__Records from a dataset__
-- Opening Marker --
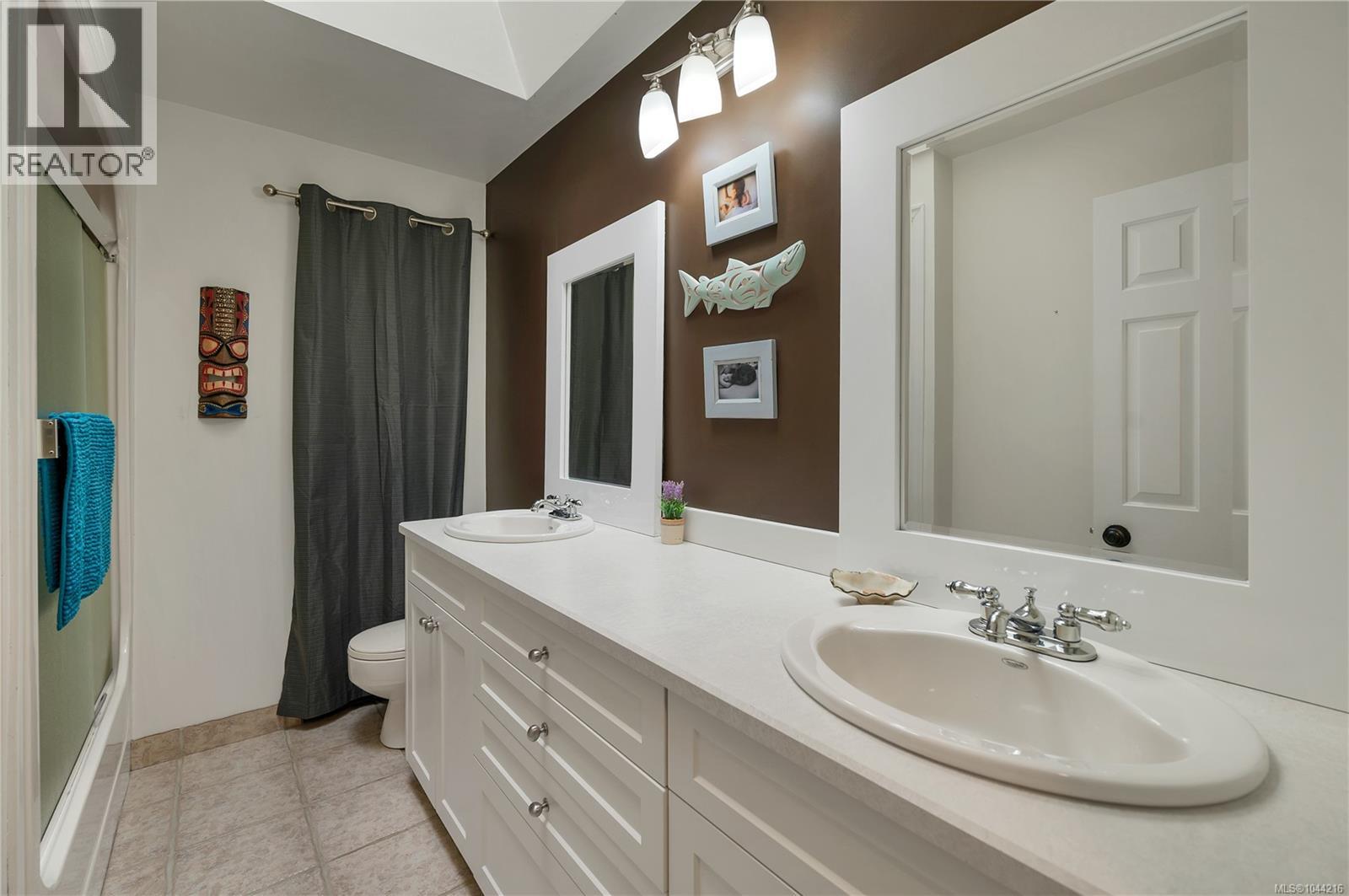 4675 Discovery Dr - Image 10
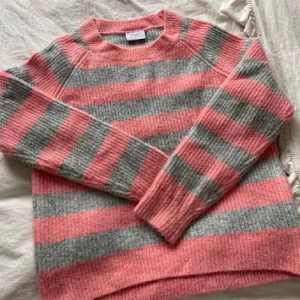 Stickad tröja från grunt  - Rosa grå skön stickad tröja från grunt i barnstorlek L  Nypris 550kr Mittpris 250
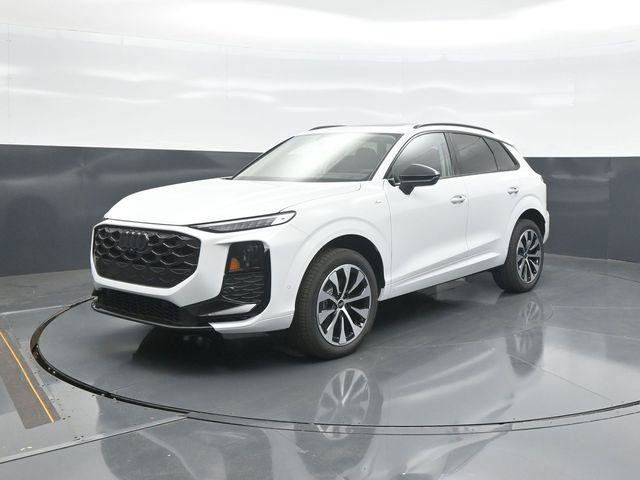 New 2026 Audi Q3 quattro 2.0T AWD/4WD image 3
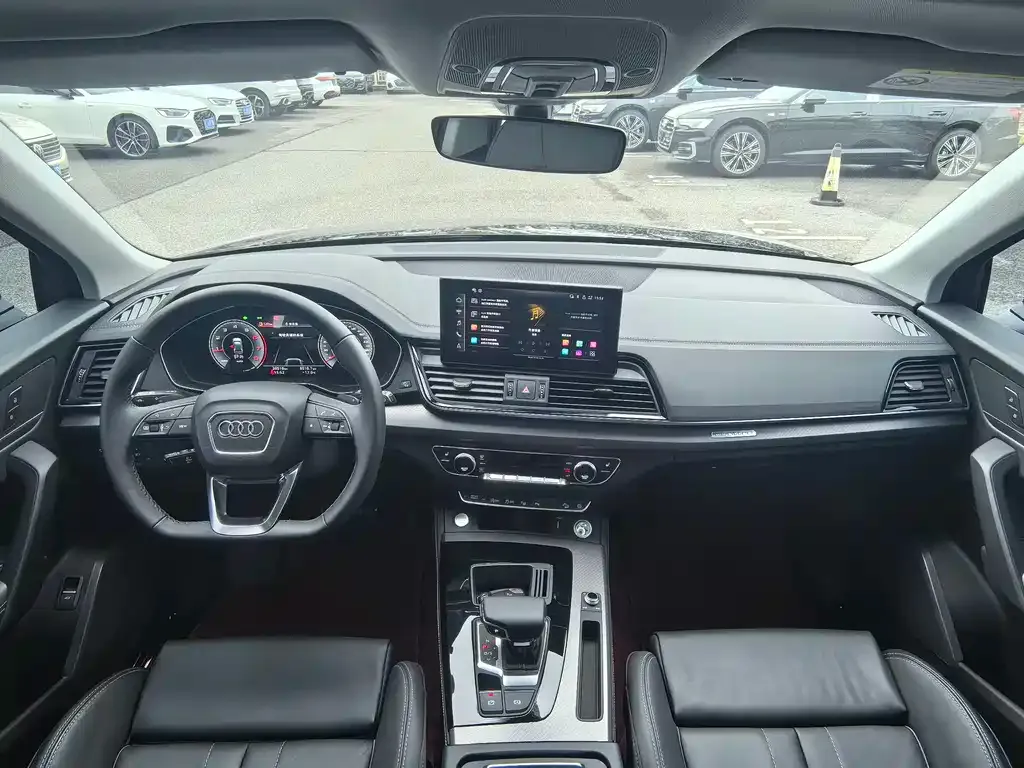 Audi Q5L 2022 из CN, фото 8
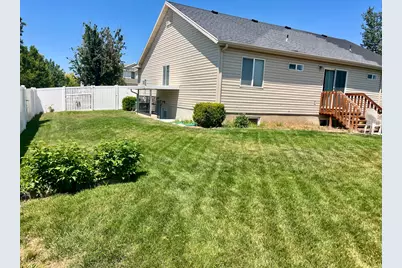 2581 W 1890 N, Clinton, UT 84015 - Photo 29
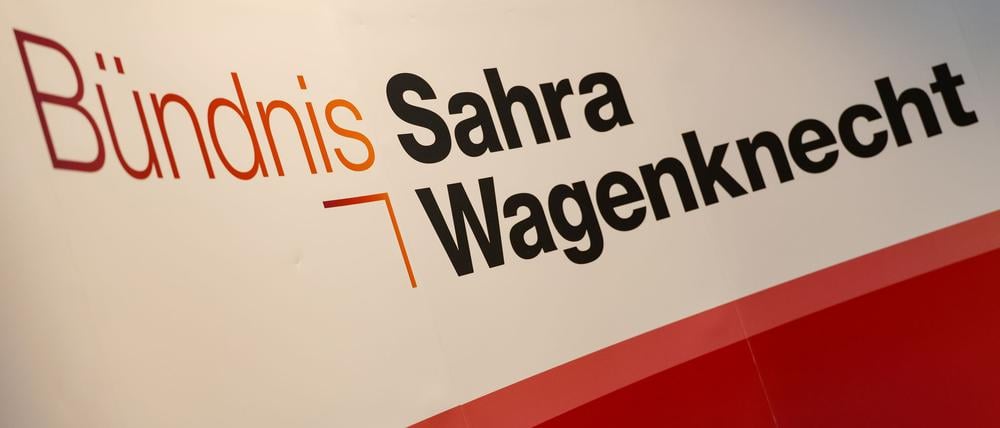 Der Schriftzug Bündnis Sahra Wagenknecht auf einem Aufsteller (Illustration).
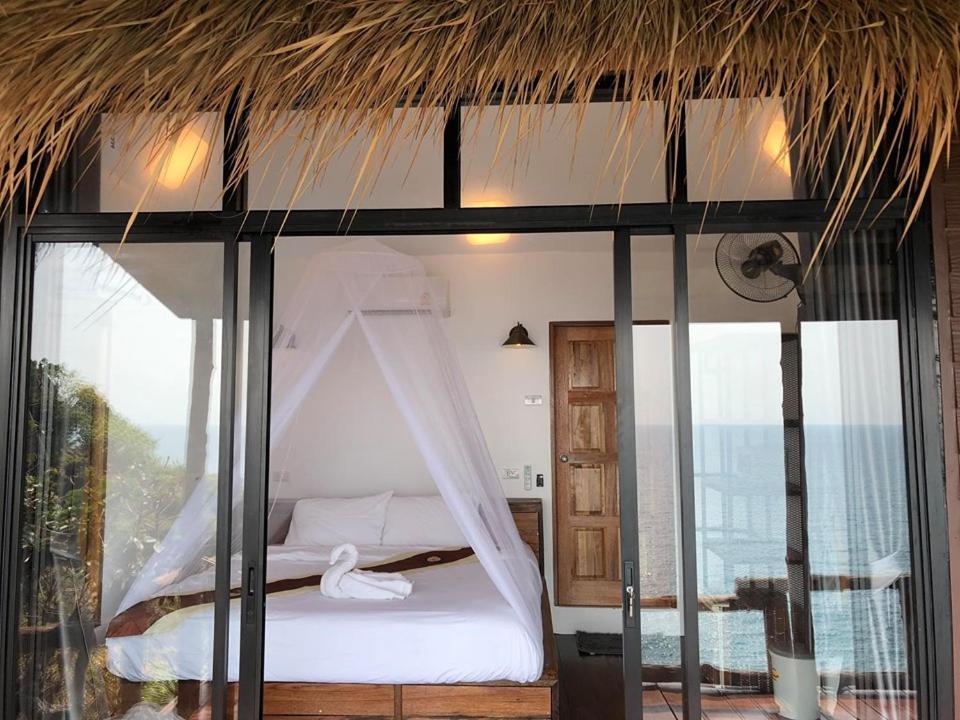 Moondance Magic View Bungalow Тау Экстерьер фото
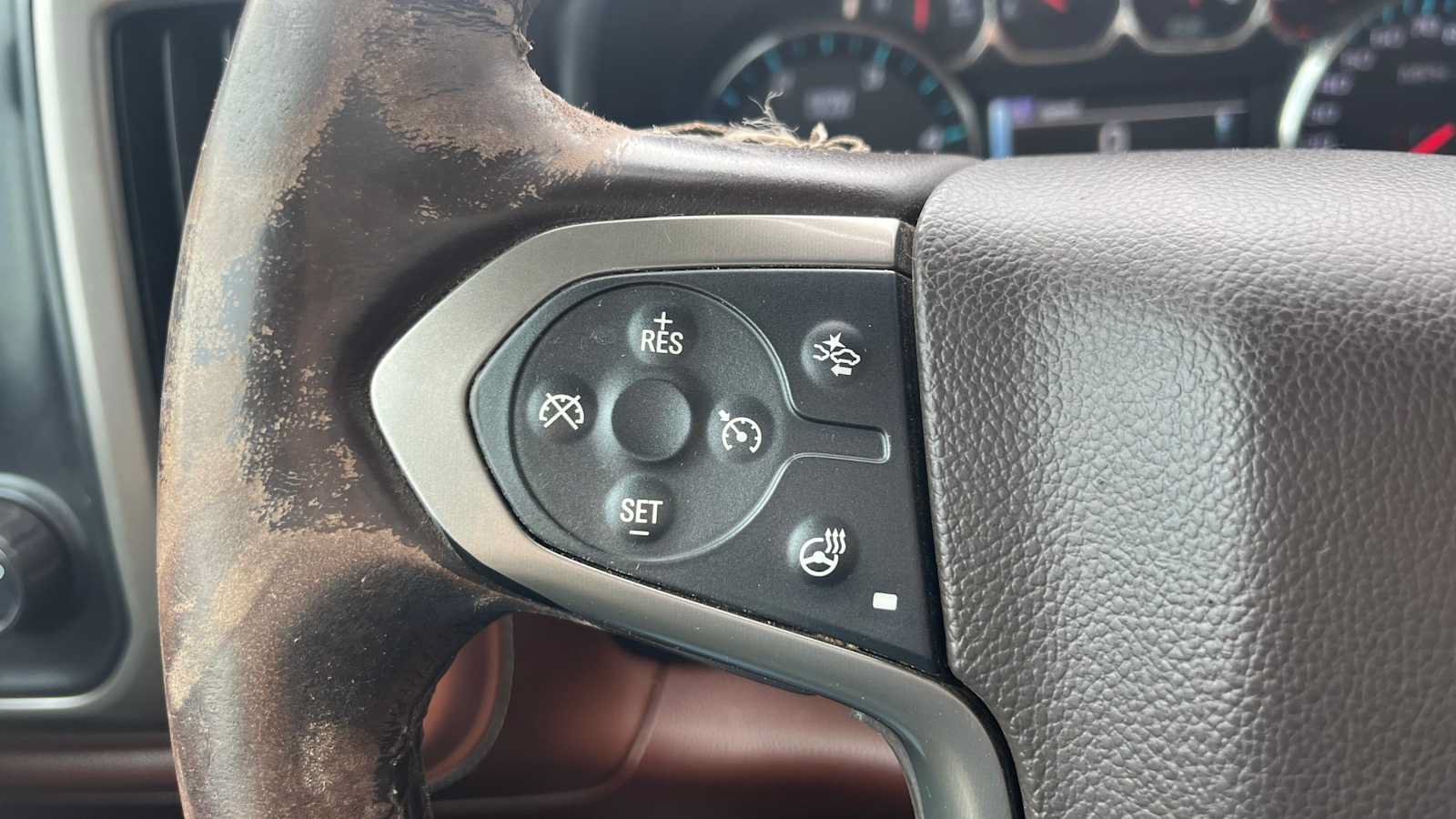 Used 2016 Chevrolet Silverado 3500 High Country w/ Duramax Plus Package AWD/4WD image 14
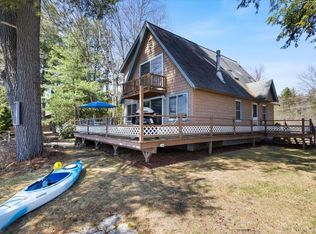 39 Lake Shore Rd, Effingham, NH 03882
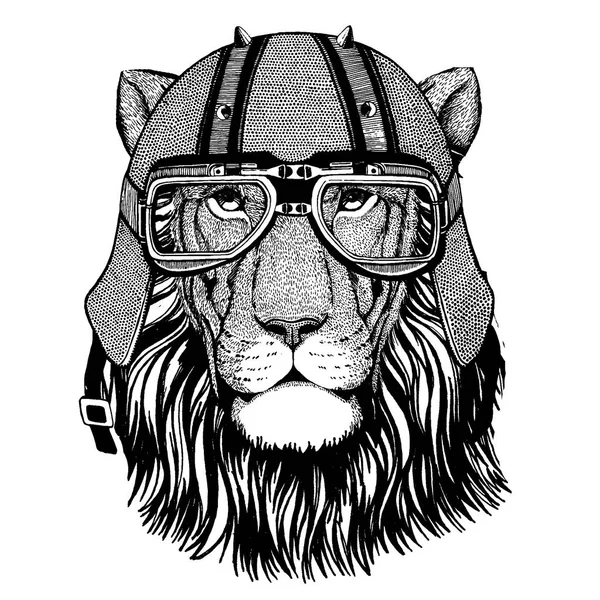 León vistiendo una motocicleta, casco aerodinámico. Imagen dibujada a mano para tatuaje, camiseta, emblema, insignia, logotipo, parche . — Vector de stock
-- Closing Marker --
__WHAT THIS TASK INVOLVES__
Although the records above contain pictures, only their text is to be repeated, exactly as given.

__RESPONSE__
 4675 Discovery Dr - Image 10
 Stickad tröja från grunt  - Rosa grå skön stickad tröja från grunt i barnstorlek L  Nypris 550kr Mittpris 250
 New 2026 Audi Q3 quattro 2.0T AWD/4WD image 3
 Audi Q5L 2022 из CN, фото 8
 2581 W 1890 N, Clinton, UT 84015 - Photo 29
 Der Schriftzug Bündnis Sahra Wagenknecht auf einem Aufsteller (Illustration).
 Moondance Magic View Bungalow Тау Экстерьер фото
 Used 2016 Chevrolet Silverado 3500 High Country w/ Duramax Plus Package AWD/4WD image 14
 39 Lake Shore Rd, Effingham, NH 03882
 León vistiendo una motocicleta, casco aerodinámico. Imagen dibujada a mano para tatuaje, camiseta, emblema, insignia, logotipo, parche . — Vector de stock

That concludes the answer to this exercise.